Granny took a spoonful of yogurt and tried to feed him. But the boy pressed his dry, cracked lips tightly together and refused to open his mouth. With his small hands, he pushed away the spoon and the hand that held it.


— “All right, if you don’t want it…”

The old woman kissed the tears from his eyes.

— “They’ll be here soon. Just one injection, and you’ll feel better, my darling…”  

    After the injection, the boy’s fever seemed to subside a little.

He opened his dark eyes and even asked his grandmother for some water.

The grandmother moved between his bedside and the next room, where she quietly scolded her son and daughter-in-law:

— “And she calls herself a mother? It’s been four days since she left! Doesn’t she care about her child? Her home?”

The boy had pulled his legs out from under the blanket.

He tossed and turned, shifting from side to side, unable to open his eyes again. The fever had returned, now mixed with weakness, and he began to drift into delirium. Broken, scattered dreams began to play before him...

A blue sea.

Waves washing gently over the shore, then rolling back into the deep.

The boy sat at the edge of the water, hugging his knees, eyes fixed on a boat far out in the ocean.

It was a small boat with white sails, rising and falling with the waves.

And then—there she was—his mother’s bright, cheerful face appeared on board.

— “Mom!

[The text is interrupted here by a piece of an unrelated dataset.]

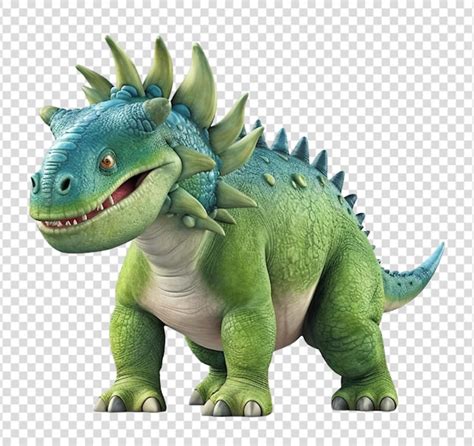 Ilustração 3d de desenho animado animal dinossauro brinquedo personagem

Mommy!” he called out.

But he hesitated, afraid to step into the wild, crashing waves.

The boat didn’t come closer.

Still it rocked on the horizon.

Finally… finally it began to approach.

The boy was overjoyed — his heart nearly burst from happiness.

He ran, shouting:

— “Mommy! I’m over here! Mommy!”

He waded through mounds of damp sand brought in by the waves.

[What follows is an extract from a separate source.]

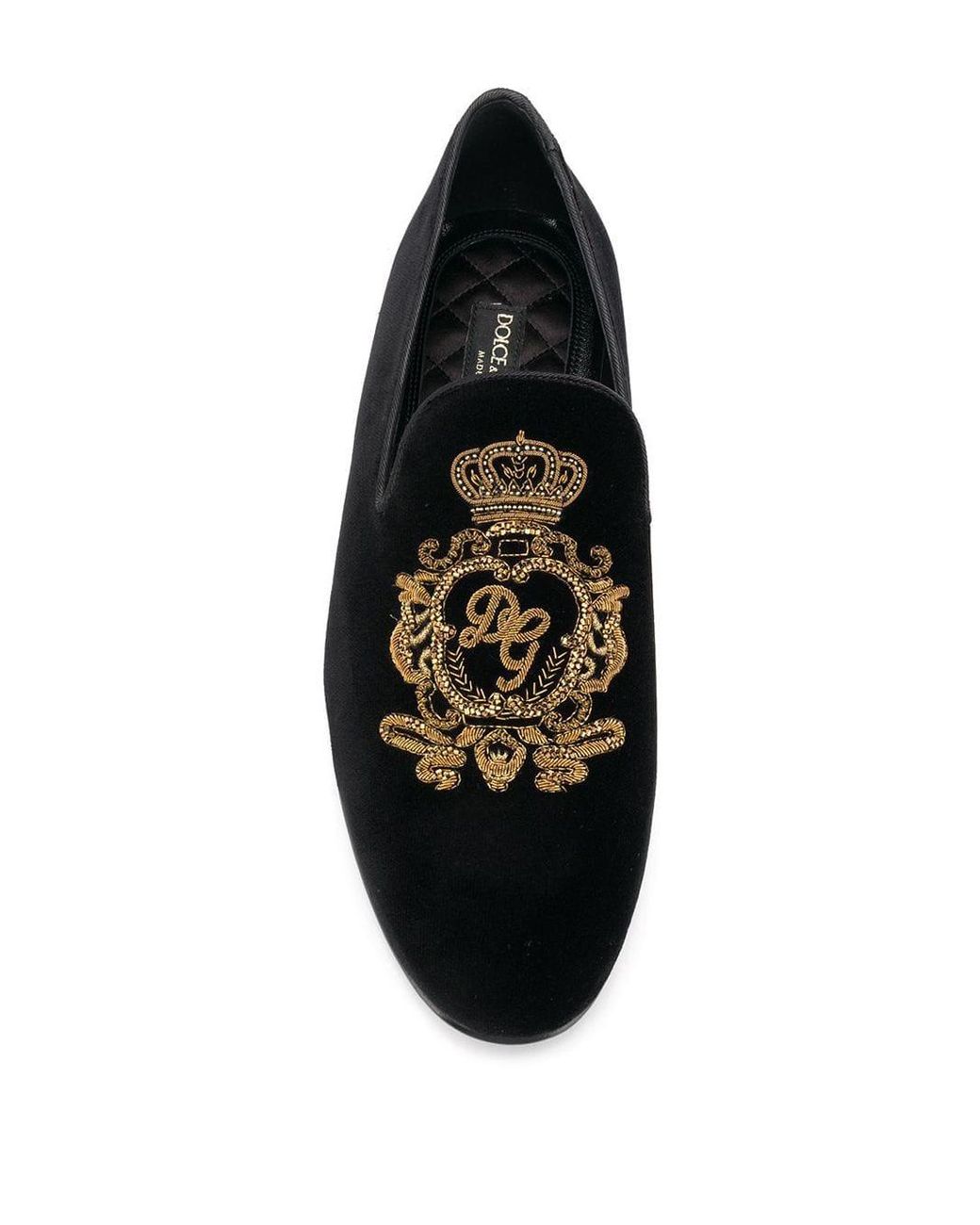 Dolce \u0026 Gabbana Velvet Logo Loafers in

But suddenly, a strong wind blew from the opposite direction — pushing the boat away again.

The boat vanished.

Disappeared entirely.

The boy stood on the shore, running back and forth, crying bitterly.

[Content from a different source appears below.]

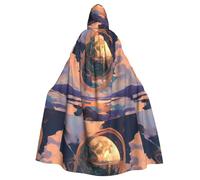 WAFICAC Mantello con cappuccio per adulti di Halloween Un mantello con cappuccio super grande stampato con un pianeta brillante e papillon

The roar of the waves crashing on the beach frightened him. He couldn’t bring himself to enter the water.

Instead, he called out again and again:

— “Mom! Mommy! Mom!”

Suddenly, the boy sat up in bed, arms outstretched, screaming.

— “Lie down, my little lamb, lie down,” said his grandmother gently.

She tucked the blanket around him and stroked his hair.

— “May your mother’s work disappear if it means leaving you like this… Couldn’t she find something quiet and decent to do? Your father’s away for ten days at a time — always off on ‘business trips,’ so they say…”

She glanced down at her grandson’s pale face.

— “Look how thin you’ve gotten… my poor little soul.”

She kissed his forehead and sighed deeply.

Morning broke.

The grandmother tried everything — but the child still refused to eat.

He lay on his side, eyes closed, unmoving…

— “Say one word to her, and she throws her job and her degree in your face,” the old woman muttered angrily. “Fine, work if you must — but don’t forget you have a child too!”

Fuming, she headed back toward the child’s room — and just then, the door opened.

There stood her daughter-in-law, a bag in one hand, a mesh sack in the other.

The old woman had been ready to bite her head off — “Just wait till she gets here, I’ll give her a piece of my mind!”

But the moment she saw her, her anger dissolved into tears.

— “Shavkatjon... Shavkatjon...” she sobbed, calling for her grandson, reaching toward his room with trembling hands.

— “Shavkatjon, my baby,” the mother cried out, flinging the door open and rushing toward her little boy, who lay wilted like a fading tulip.

— “Mommy…” the boy whimpered.

She gathered him into her arms, pulling him close. Looking toward her mother-in-law with guilt in her eyes, she whispered:

— “I got held up… there was a surprise audit, it dragged on… Thank you, Mom… Thank you for everything.”

— “His fever has gone down,” the grandmother replied, wiping her cheeks. “But he won’t eat a thing. On top of that, he missed you badly. He called for you over and over when the fever was high.”

The boy looked up at his mother’s face. He reached out and gently touched her long black hair. His fingers traced her cheeks. Then he looked into her eyes again, searching.

Yes.

It was her.

It was really his mommy.

He let out a long, trembling sigh and wrapped both arms around her neck, resting his head against her chest.